Note: A real bus is much more complicated and needs a few other signals (eg for direction of transfer, for collision avoidance, for "I/O port or physical memory", etc); and modern buses use serial lanes and not parallel wires; and modern systems use "point to point links" and not "common bus shared by all the things".

3. The websites I visited said lock any shared memory. does this mean that during this lock period the whole RAM is locked or just the memory page(or part of memory not all of it) that the instruction is performed on.

It's better to say that the bus is locked; where everything has to use the bus to access memory (and nothing else can use the bus when the bus is locked, even when something else is trying to use the bus for something that has nothing to do with memory - eg to send an IRQ to a CPU).

Of course (due to aggressive performance optimizations - primarily the "if the cache line can be put in the exclusive state instead" optimization) it's even better to say that the hardware can do anything it feels like as long as the result behaves as if there's a shared bus that was locked (even if there isn't a shared bus and nothing was actually locked).

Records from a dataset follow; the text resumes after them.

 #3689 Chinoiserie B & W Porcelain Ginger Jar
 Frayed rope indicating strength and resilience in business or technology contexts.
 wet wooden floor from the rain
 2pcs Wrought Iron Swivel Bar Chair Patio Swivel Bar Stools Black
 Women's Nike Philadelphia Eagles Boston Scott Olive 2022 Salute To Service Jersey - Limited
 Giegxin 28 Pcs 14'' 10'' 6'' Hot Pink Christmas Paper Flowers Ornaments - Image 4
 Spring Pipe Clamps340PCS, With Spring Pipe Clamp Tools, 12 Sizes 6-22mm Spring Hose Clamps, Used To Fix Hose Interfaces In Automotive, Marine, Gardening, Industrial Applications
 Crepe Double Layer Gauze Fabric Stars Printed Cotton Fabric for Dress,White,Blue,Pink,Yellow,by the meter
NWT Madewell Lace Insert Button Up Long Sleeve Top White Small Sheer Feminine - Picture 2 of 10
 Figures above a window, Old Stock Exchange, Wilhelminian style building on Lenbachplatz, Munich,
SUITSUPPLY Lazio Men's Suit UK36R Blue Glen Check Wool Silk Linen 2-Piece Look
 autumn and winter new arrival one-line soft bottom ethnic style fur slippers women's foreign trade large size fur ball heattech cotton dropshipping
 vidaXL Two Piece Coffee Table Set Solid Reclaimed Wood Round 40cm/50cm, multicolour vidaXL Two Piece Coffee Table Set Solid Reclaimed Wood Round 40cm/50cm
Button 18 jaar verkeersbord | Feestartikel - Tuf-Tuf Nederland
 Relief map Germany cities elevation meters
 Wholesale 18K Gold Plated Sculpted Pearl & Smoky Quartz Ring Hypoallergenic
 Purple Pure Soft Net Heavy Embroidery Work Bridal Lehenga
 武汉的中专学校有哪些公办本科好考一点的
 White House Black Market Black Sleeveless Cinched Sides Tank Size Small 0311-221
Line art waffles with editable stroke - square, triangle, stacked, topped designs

Note: 80x86 supports misaligned accesses (eg you can lock inc dword [address] where the access can straddle a boundary), where if a memory access does straddle a boundary the CPU needs to combine 2 or more pieces (eg a few bytes from the end of one cache line and a few bytes from the start of the next cache line). Modern virtual memory means that if the virtual address straddles a page boundary the CPU needs to access 2 different virtual pages which may have "extremely unrelated" physical addresses. If a theoretical CPU tried to implement independent locks (a different lock for each memory area) then it would also need to support asserting multiple lock signals. This can cause deadlocks - eg one CPU locks "memory page 1" then tries to lock "memory page 2" (and can't because it's locked); while another CPU locks "memory page 2" then tries to lock "memory page 1" (and can't because it's locked). To fix that the theoretical CPU would have to use "global lock ordering" - always assert locks in a specific order. The end result would be a significant amount of complexity (where it's likely that the added complexity costs more performance than it saves).